**REQUIRED ACTION:**
In the data below, find the line containing "Item preview, Endicott", then set down that line and every later line up to and including the line containing "BIC Velleda Whiteboard", exactly.

◆ ◆ ◆ ◆ ◆

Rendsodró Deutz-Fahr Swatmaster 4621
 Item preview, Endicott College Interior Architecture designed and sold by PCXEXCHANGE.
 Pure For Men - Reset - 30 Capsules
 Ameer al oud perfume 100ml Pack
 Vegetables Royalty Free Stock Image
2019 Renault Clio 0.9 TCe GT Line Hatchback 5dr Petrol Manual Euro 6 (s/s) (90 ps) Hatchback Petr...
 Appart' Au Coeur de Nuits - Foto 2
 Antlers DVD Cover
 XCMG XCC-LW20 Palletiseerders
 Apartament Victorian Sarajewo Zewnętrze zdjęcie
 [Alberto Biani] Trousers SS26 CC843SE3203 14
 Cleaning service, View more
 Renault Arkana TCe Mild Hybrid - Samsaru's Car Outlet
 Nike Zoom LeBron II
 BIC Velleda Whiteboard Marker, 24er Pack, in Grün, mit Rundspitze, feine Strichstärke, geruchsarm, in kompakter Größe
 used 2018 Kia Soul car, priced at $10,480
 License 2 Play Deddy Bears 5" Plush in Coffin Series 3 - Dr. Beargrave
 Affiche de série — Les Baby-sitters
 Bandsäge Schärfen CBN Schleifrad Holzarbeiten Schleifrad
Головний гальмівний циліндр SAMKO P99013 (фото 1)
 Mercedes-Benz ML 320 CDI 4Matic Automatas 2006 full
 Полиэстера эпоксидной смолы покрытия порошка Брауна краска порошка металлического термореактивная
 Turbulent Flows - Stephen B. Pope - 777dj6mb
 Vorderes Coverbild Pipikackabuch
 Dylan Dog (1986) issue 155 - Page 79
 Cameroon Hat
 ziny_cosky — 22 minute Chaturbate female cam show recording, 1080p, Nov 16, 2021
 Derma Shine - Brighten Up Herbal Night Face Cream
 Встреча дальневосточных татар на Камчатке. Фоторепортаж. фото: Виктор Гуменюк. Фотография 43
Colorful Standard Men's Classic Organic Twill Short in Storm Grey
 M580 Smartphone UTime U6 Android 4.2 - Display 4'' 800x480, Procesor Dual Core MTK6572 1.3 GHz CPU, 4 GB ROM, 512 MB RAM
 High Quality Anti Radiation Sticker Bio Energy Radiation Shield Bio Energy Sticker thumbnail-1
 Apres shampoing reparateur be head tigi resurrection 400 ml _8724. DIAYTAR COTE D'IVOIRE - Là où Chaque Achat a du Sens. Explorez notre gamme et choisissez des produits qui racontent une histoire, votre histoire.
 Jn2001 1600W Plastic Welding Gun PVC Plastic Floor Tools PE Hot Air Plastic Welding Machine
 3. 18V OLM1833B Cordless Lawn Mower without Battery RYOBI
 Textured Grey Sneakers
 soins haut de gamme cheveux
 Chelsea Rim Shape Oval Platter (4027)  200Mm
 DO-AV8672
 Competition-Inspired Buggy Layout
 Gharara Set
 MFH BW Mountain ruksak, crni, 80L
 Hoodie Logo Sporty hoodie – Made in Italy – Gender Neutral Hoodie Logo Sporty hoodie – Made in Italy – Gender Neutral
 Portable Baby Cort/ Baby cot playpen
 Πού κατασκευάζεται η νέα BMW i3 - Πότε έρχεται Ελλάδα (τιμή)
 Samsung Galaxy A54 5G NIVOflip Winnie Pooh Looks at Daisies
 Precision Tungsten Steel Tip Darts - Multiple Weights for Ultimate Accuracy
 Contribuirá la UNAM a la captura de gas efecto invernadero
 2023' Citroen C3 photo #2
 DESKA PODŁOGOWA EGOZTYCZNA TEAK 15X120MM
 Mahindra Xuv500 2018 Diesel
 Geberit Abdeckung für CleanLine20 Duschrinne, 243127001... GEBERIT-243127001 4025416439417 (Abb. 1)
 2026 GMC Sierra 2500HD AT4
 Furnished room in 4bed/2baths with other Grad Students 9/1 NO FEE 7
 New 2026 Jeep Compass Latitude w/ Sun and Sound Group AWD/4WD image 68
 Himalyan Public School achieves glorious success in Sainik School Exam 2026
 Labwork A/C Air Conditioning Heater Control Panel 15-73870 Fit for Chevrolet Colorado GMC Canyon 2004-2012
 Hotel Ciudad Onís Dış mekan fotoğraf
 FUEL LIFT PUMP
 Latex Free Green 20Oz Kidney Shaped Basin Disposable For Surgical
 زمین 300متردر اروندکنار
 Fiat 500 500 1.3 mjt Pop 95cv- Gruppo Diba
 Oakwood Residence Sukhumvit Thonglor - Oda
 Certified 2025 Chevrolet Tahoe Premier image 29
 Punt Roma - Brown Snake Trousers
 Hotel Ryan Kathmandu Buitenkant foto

◆ ◆ ◆ ◆ ◆

**WORKED SOLUTION:**
 Item preview, Endicott College Interior Architecture designed and sold by PCXEXCHANGE.
 Pure For Men - Reset - 30 Capsules
 Ameer al oud perfume 100ml Pack
 Vegetables Royalty Free Stock Image
2019 Renault Clio 0.9 TCe GT Line Hatchback 5dr Petrol Manual Euro 6 (s/s) (90 ps) Hatchback Petr...
 Appart' Au Coeur de Nuits - Foto 2
 Antlers DVD Cover
 XCMG XCC-LW20 Palletiseerders
 Apartament Victorian Sarajewo Zewnętrze zdjęcie
 [Alberto Biani] Trousers SS26 CC843SE3203 14
 Cleaning service, View more
 Renault Arkana TCe Mild Hybrid - Samsaru's Car Outlet
 Nike Zoom LeBron II
 BIC Velleda Whiteboard Marker, 24er Pack, in Grün, mit Rundspitze, feine Strichstärke, geruchsarm, in kompakter Größe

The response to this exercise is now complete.